* Exercise objective
Return the line that has "东风御虎洒水车（10-15方）" and all lines below it through the last, exactly as they stand; omit pictures.

┄┄┄┄┄┄┄┄┄┄

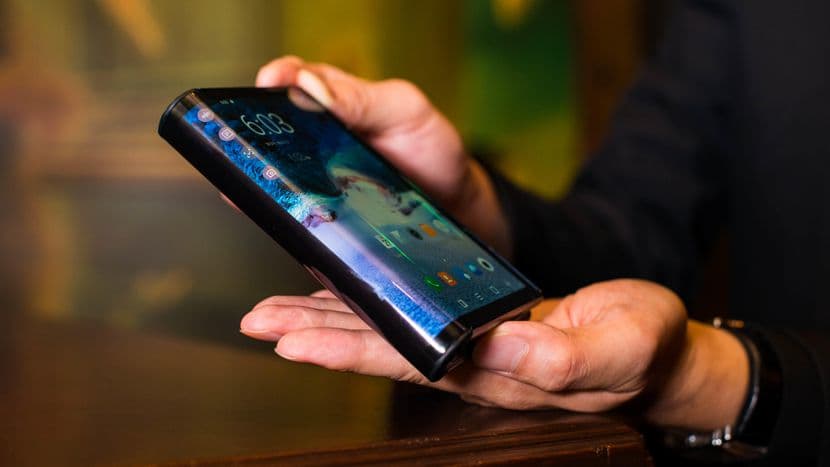Samsung bukiluvchan ekranli smartfonni qachondan sotishi ma'lum bo‘ldi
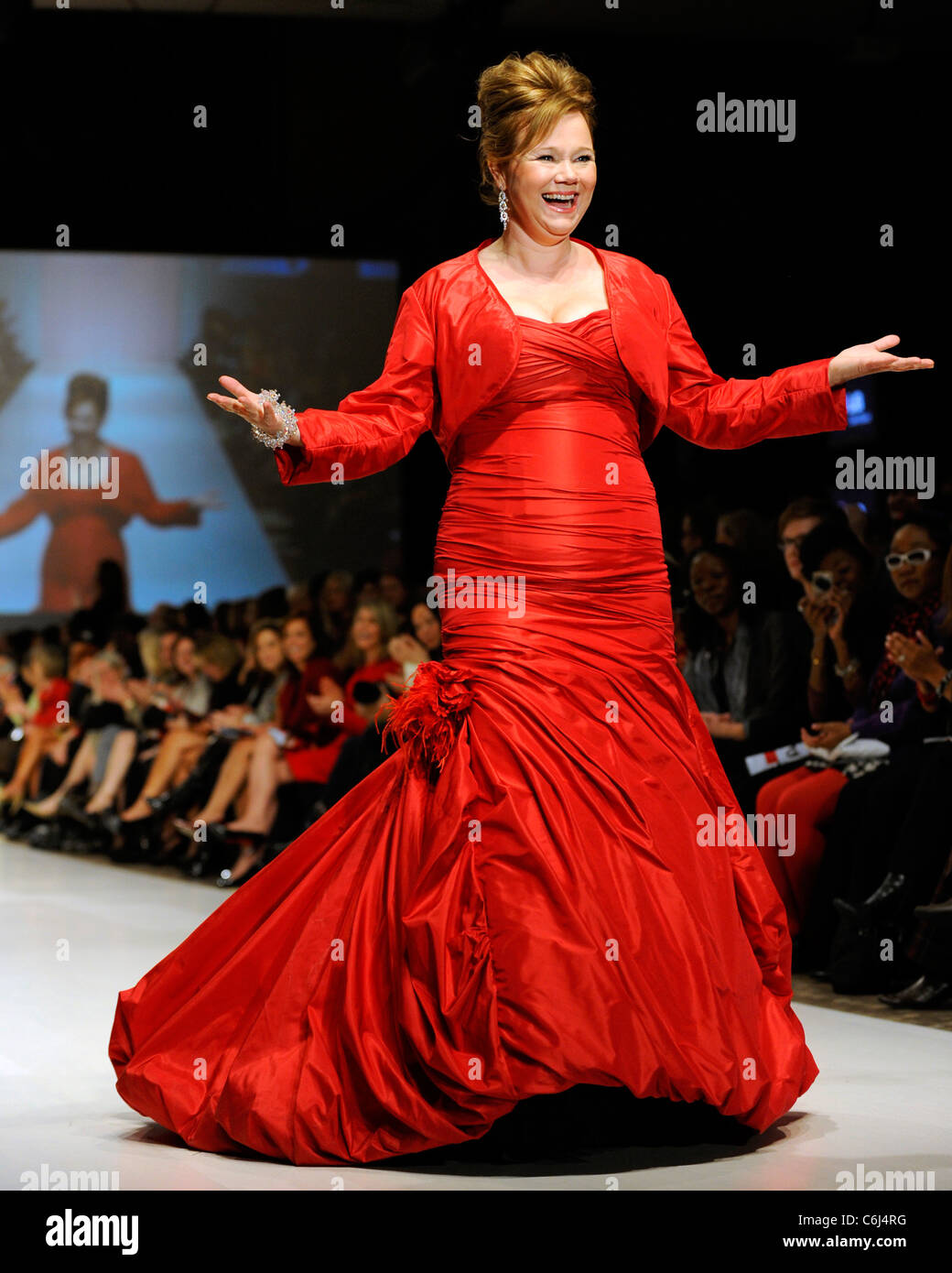 Caroline Rhea indossa un abito di Ines Di Santo il cuore della verità abito rosso Collezione 2010 Fashion Show. Toronto, Canada - Foto Stock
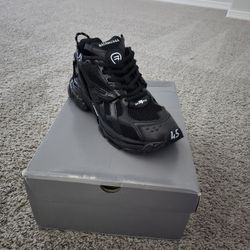 Balenciaga Runners Black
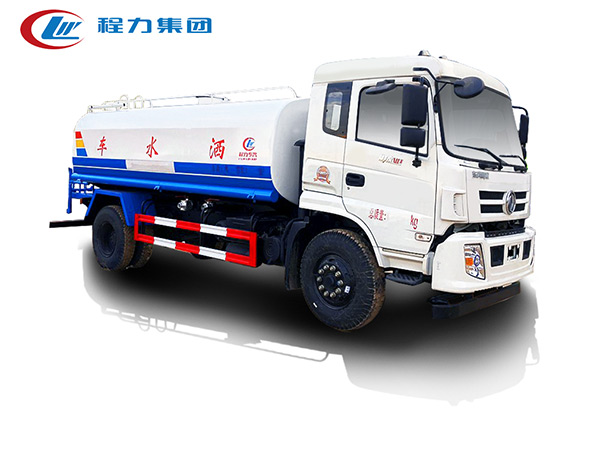 东风御虎洒水车（10-15方）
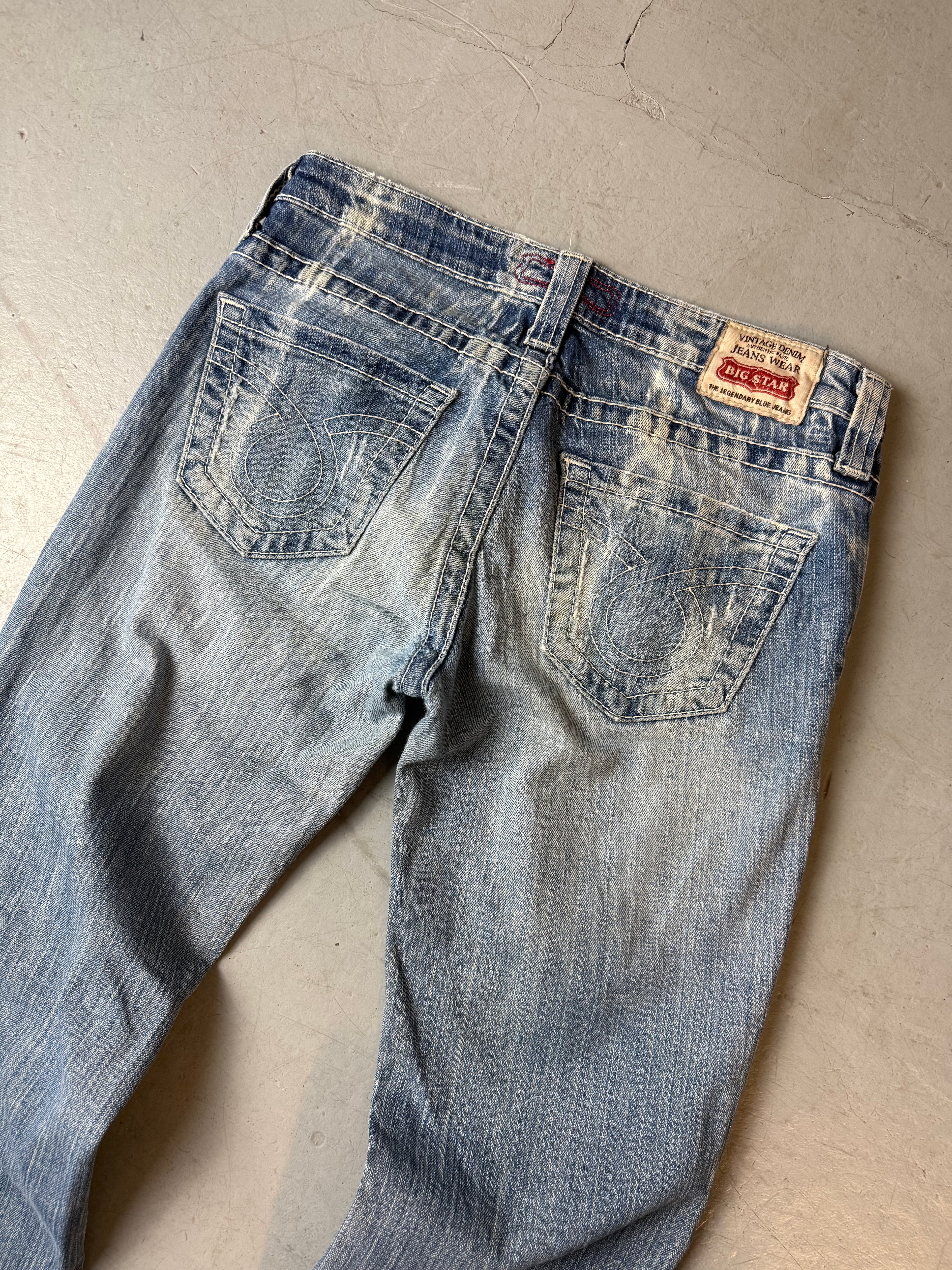 Vintage Big Star Casey Low Waist Bootcut Jeans für Damen. Y2K 2000s Fashion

┄┄┄┄┄┄┄┄┄┄

* Response area
 东风御虎洒水车（10-15方）
 Vintage Big Star Casey Low Waist Bootcut Jeans für Damen. Y2K 2000s Fashion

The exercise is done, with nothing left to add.